Alguns acusados alegam que não sabiam que o marido administrava comprimidos para a mulher dormir e que pensavam que se tratava de um casal libertino, o que a vítima negou no início do depoimento. "Nunca pratiquei (…) troca de parceiros. Gostaria de deixar claro", disse a mulher, que reafirmou pouco depois, ao ser questionada pelo presidente do tribunal, Roger Arata: "Nunca fui cúmplice [nem] fingi que estava dormindo".
Dos homens que a estupraram, ela só reconhece um, que foi à casa do casal para falar sobre ciclismo com o marido. "Às vezes eu o encontrava na padaria e o cumprimentava. Não passava pela minha cabeça que ele me estuprou", explicou.

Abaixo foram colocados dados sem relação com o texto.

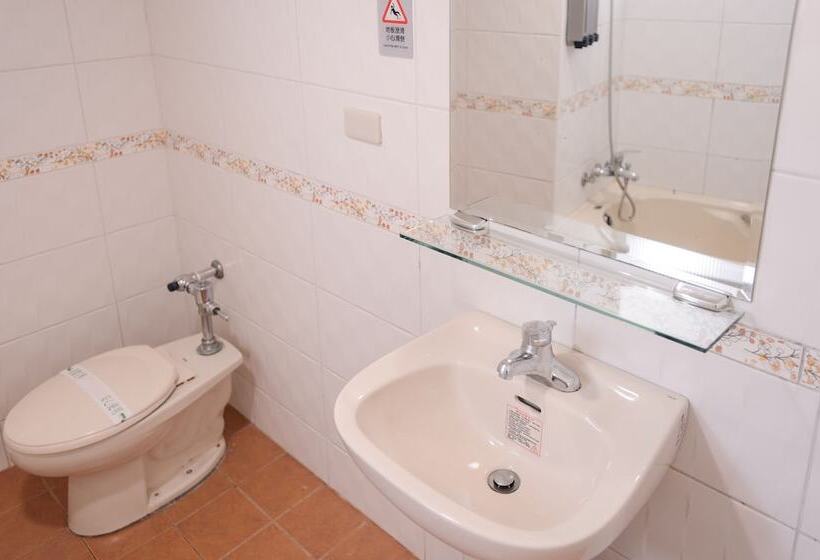 Fotos del hotel Kiwitaichung Station Branch 1:  24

Julgamento segue até dezembro
O julgamento deve durar até 20 de dezembro. Na próxima semana está marcado o primeiro interrogatório do marido da vítima, com quem ela está em processo de divórcio. Os réus podem pegar até 20 anos de prisão.
"Será explicado, será justificado, se houver justificativa, porque é imperdoável", declarou à AFP a advogada Béatrice Zavarro, indicando que o cliente dela, que acompanhou de cabeça baixa o depoimento da sua mulher, "desmaiou" durante o intervalo.